# Aim of the exercise
Scan the records below for the word "Picture". Copy each line where it appears.
··· Stored data ···
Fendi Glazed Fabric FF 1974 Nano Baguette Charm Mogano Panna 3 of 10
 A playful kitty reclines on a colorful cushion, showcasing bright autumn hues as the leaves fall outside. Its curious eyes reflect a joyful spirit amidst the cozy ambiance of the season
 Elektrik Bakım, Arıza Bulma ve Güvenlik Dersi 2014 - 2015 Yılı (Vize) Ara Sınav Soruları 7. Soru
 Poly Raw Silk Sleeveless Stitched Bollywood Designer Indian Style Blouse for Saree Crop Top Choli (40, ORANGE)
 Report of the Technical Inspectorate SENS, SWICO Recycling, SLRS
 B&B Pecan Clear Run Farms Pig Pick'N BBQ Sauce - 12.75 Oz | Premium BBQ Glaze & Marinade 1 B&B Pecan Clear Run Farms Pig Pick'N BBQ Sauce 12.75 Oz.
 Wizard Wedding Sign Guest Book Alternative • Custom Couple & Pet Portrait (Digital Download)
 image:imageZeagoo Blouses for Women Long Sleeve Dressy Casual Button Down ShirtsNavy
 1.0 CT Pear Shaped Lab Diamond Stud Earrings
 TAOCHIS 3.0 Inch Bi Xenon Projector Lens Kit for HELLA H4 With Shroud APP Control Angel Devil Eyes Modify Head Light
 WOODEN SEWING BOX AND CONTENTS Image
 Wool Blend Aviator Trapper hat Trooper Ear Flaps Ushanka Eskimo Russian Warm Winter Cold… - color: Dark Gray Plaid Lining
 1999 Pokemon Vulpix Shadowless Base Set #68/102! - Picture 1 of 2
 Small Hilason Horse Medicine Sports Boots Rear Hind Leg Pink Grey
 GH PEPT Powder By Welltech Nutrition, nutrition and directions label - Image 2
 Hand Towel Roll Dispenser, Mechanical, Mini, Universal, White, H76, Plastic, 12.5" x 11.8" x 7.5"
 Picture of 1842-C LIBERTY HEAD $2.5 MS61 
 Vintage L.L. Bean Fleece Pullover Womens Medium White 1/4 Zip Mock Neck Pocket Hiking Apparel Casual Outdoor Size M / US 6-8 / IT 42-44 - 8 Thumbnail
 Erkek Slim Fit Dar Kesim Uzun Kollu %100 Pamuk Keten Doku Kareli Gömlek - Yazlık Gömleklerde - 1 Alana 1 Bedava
···
# Reply
 1999 Pokemon Vulpix Shadowless Base Set #68/102! - Picture 1 of 2
 Picture of 1842-C LIBERTY HEAD $2.5 MS61 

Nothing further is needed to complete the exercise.